Reputation: 968
I have this dataframe:
sample start type source
A 2,3,4 D2 BS
B 5,6 D2 BS
C 7,2,1 D3 AT
D 8 D2 BS
E 1,2,8,1 D3 BS
F 4,3,3 D3 AT
G 1,1 D2 BS
H 2,9 D2 AT
And I would like to perform two boxplots of the start values, separating them into groups depending on the type value. The problem is that start column is a character column, so I don't know how to use it as if each different comma separated character of the string was a different number.
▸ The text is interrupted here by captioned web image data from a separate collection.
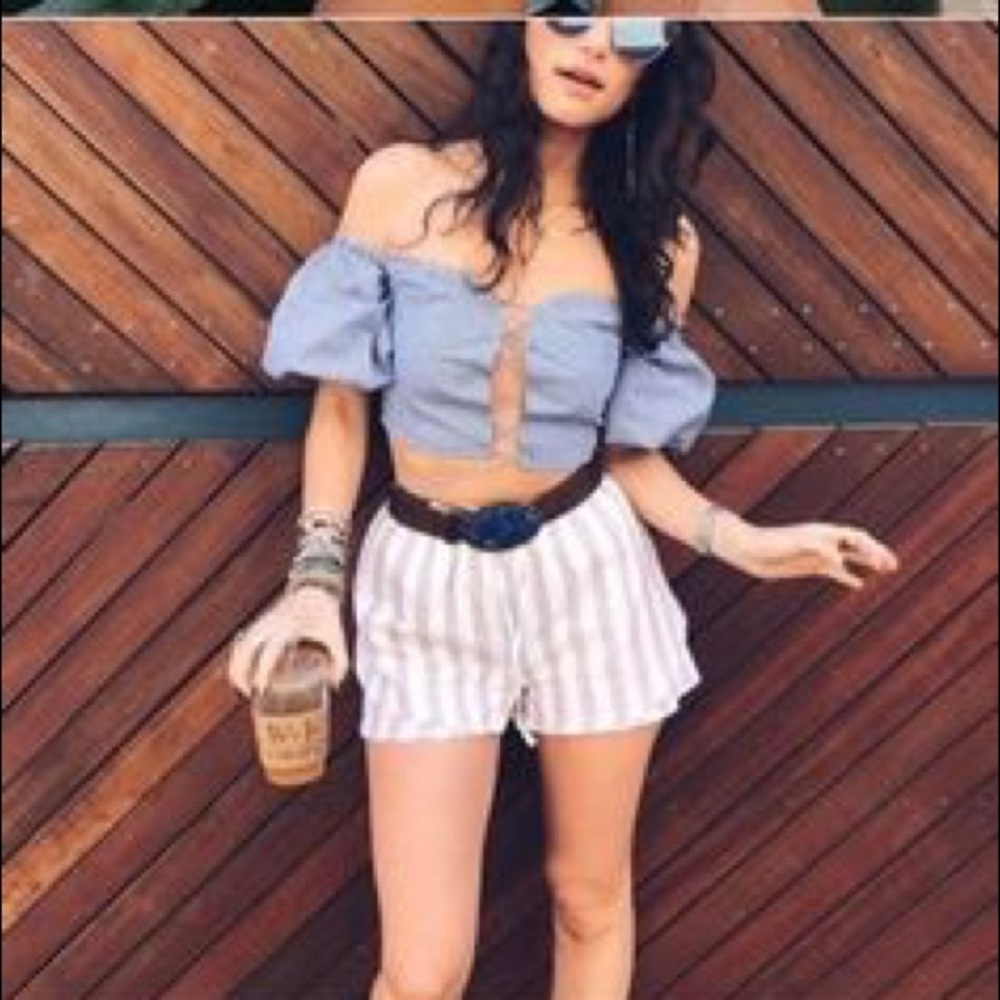 Navy and blue gingham crop top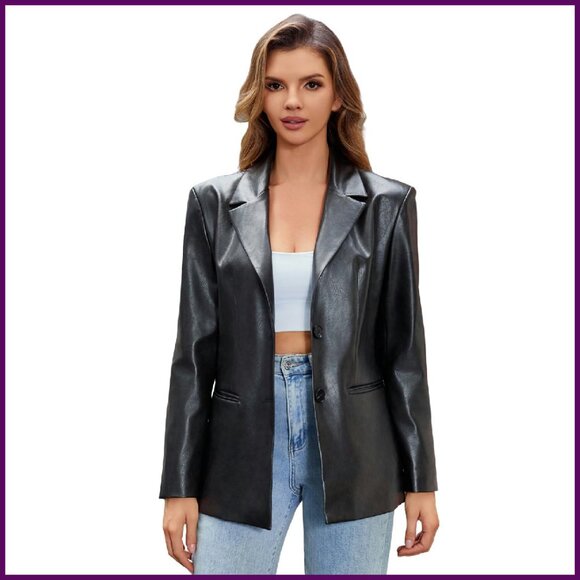Oversized Faux Leather Blazer Jacket Vintage Lapel Button Down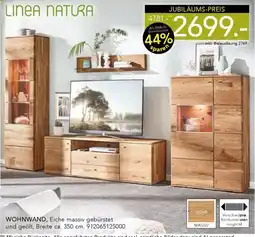 Möbel Braun LINEA NATURA WOHNWAND, Eiche massiv gebürstet und geölt Angebot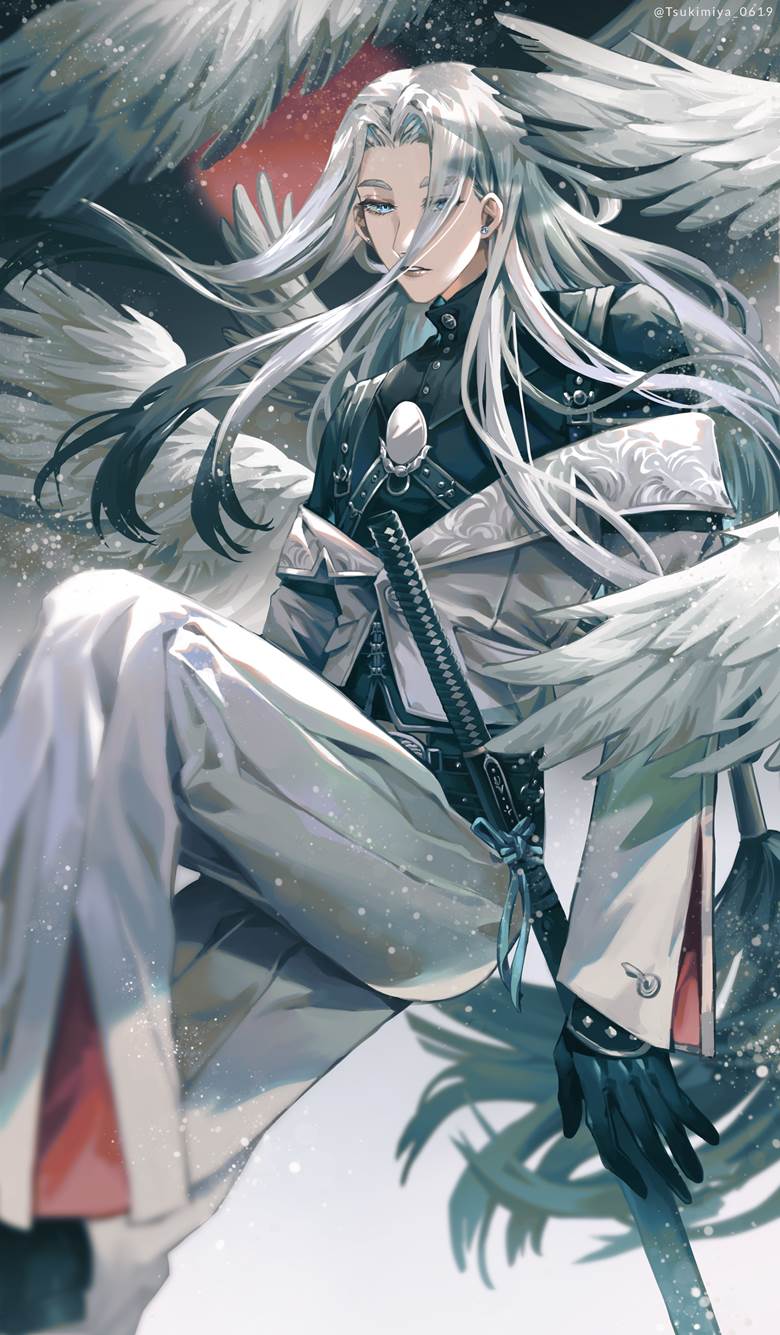 姫鹤一文字|秋ら的pixiv美少年人物插画图片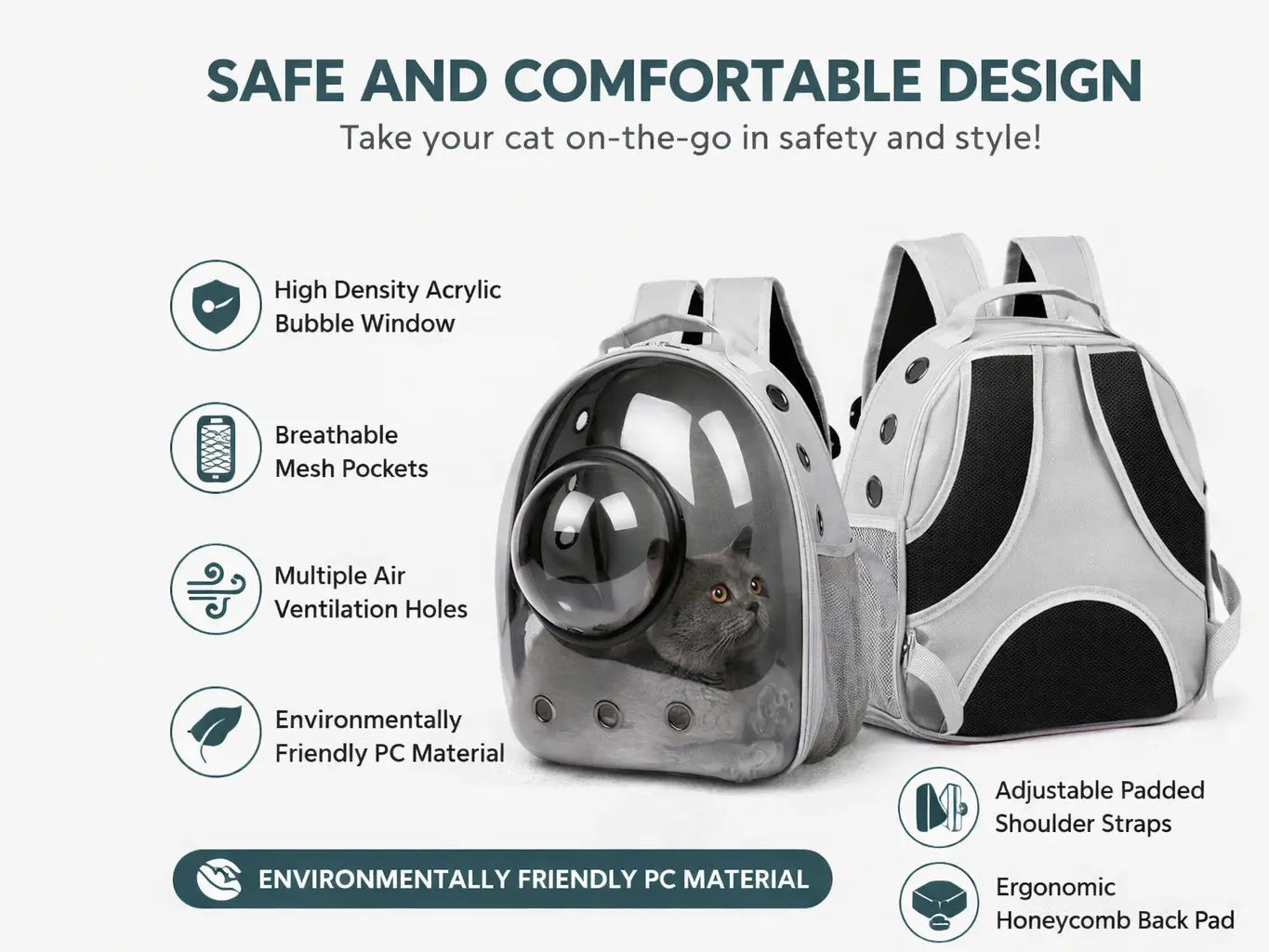 Transparent Breathable Cat Carrier Backpack with Bubble Window, Animal Carrier for Small Pets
How can I achieve this?
Upvotes: 1
Views: 375
Reputation: 887711
We can use separate_rows
from tidyr
library(dplyr)
library(tidyr)
df %>%
separate_rows(start)
# A tibble: 20 x 4
# sample start type source
# <chr> <chr> <chr> <chr>
# 1 A 2 D2 BS
# 2 A 3 D2 BS
# 3 A 4 D2 BS
# 4 B 5 D2 BS
# 5 B 6 D2 BS
# 6 C 7 D3 AT
# 7 C 2 D3 AT
# 8 C 1 D3 AT
# 9 D 8 D2 BS
#10 E 1 D3 BS
#11 E 2 D3 BS
#12 E 8 D3 BS
#13 E 1 D3 BS
#14 F 4 D3 AT
#15 F 3 D3 AT
#16 F 3 D3 AT
#17 G 1 D2 BS
#18 G 1 D2 BS
#19 H 2 D2 AT
#20 H 9 D2 AT
df <- structure(list(sample = c("A", "B", "C", "D", "E", "F", "G",
"H"), start = c("2,3,4", "5,6", "7,2,1", "8", "1,2,8,1", "4,3,3",
"1,1", "2,9"), type = c("D2", "D2", "D3", "D2", "D3", "D3", "D2",
"D2"), source = c("BS", "BS", "AT", "BS", "BS", "AT", "BS", "AT"
)), class = "data.frame", row.names = c(NA, -8L))
Upvotes: 1
Reputation: 1081
library(dplyr)
library(tidyr)
library(ggplot2)
df <- read.table(text = "sample start type source
A 2,3,4 D2 BS
B 5,6 D2 BS
C 7,2,1 D3 AT
D 8 D2 BS
E 1,2,8,1 D3 BS
F 4,3,3 D3 AT
G 1,1 D2 BS
H 2,9 D2 AT", header = TRUE)
df <- separate(df, col = start, into = c("var1", "var2", "var3")) %>%
pivot_longer(cols = matches("var\\d"), values_to = "start" , values_drop_na = TRUE)
df
# A tibble: 19 x 5
sample type source name start
<chr> <chr> <chr> <chr> <chr>
1 A D2 BS var1 2
2 A D2 BS var2 3
3 A D2 BS var3 4
4 B D2 BS var1 5
5 B D2 BS var2 6
6 C D3 AT var1 7
7 C D3 AT var2 2
8 C D3 AT var3 1
9 D D2 BS var1 8
10 E D3 BS var1 1
11 E D3 BS var2 2
12 E D3 BS var3 8
13 F D3 AT var1 4
14 F D3 AT var2 3
15 F D3 AT var3 3
16 G D2 BS var1 1
17 G D2 BS var2 1
18 H D2 AT var1 2
19 H D2 AT var2 9
ggplot(df, aes(type, start, col = type)) +
geom_boxplot()
Upvotes: 1
Reputation: 10375
You can use apply
to map a function to every row of your data.frame. Then I use str_split
to get all entries of start
in a vector and generate a data.frame that repeats the other columns. apply
returns a list of data.frames, so with do.call("rbind", df_new)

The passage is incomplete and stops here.